Dandy seemed to understand that Pascal (pictured) and Pascha were somehow different; when he played with them, he was more forgiving and patient, and less competitive.

He was like a big brother to them, choosing to eat and nap with Pascha and Pascal rather than with his own siblings.

Also growing up in the garden were Dawn’s kittens Cetti, Raven and Linnet, and Mr T, Cracker’s son. This photo shows a normal feeding time with cats from top left clockwise – Lychee, Dandy Grey, Raven, Swift (top), Pascal, Pascha (bottom) and Mr T.

And Pascha and Pascal were not the only kittens with impaired vision as Cetti and Linnet had the same virus as tiny kittens, which had also left them partially sighted.

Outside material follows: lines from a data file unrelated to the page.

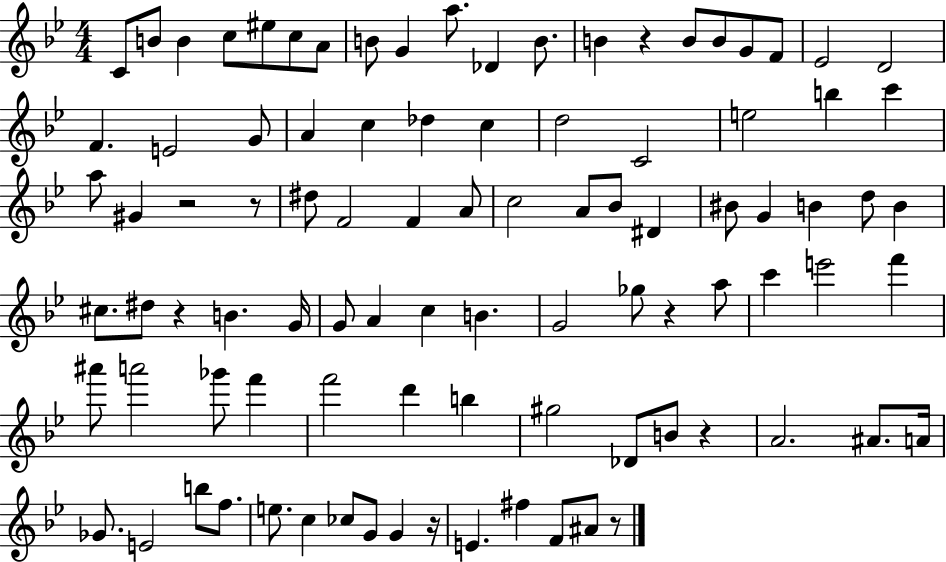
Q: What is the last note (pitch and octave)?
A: A#4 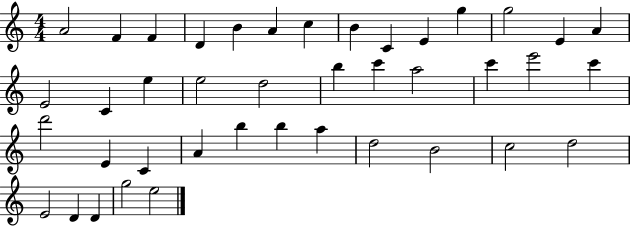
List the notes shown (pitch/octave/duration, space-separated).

A4/h F4/q F4/q D4/q B4/q A4/q C5/q B4/q C4/q E4/q G5/q G5/h E4/q A4/q E4/h C4/q E5/q E5/h D5/h B5/q C6/q A5/h C6/q E6/h C6/q D6/h E4/q C4/q A4/q B5/q B5/q A5/q D5/h B4/h C5/h D5/h E4/h D4/q D4/q G5/h E5/h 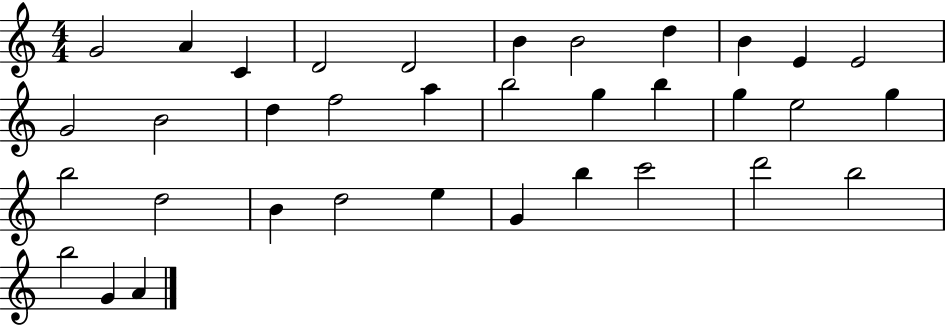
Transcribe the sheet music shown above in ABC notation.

X:1
T:Untitled
M:4/4
L:1/4
K:C
G2 A C D2 D2 B B2 d B E E2 G2 B2 d f2 a b2 g b g e2 g b2 d2 B d2 e G b c'2 d'2 b2 b2 G A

Checkers, like his brother Dandy Grey, was happy to play with Pascal (pictured) and Pascha – the boys tussled and chased just as much as any full-sighted kittens.

Here, Pascha is napping with Swift and Checkers in the shade.

In retrospect, it was all very bittersweet because of the virus which was waiting to take so many of them, but at the time they were carefree and happy, just as kittens deserve to be and there was no rhyme of reason as to why Pascal would be lost but not Pascha, Cetti but not Raven or Linnet, and why all of Flora’s kittens would be unaffected.

At the time, they lived each day as it came, enjoying what time they had.

The header photo shows clockwise from top left – Checkers, Linnet, Pascha, Sherpa, Pascal, Swift, Dandy Grey and Raven having breakfast together in the garden.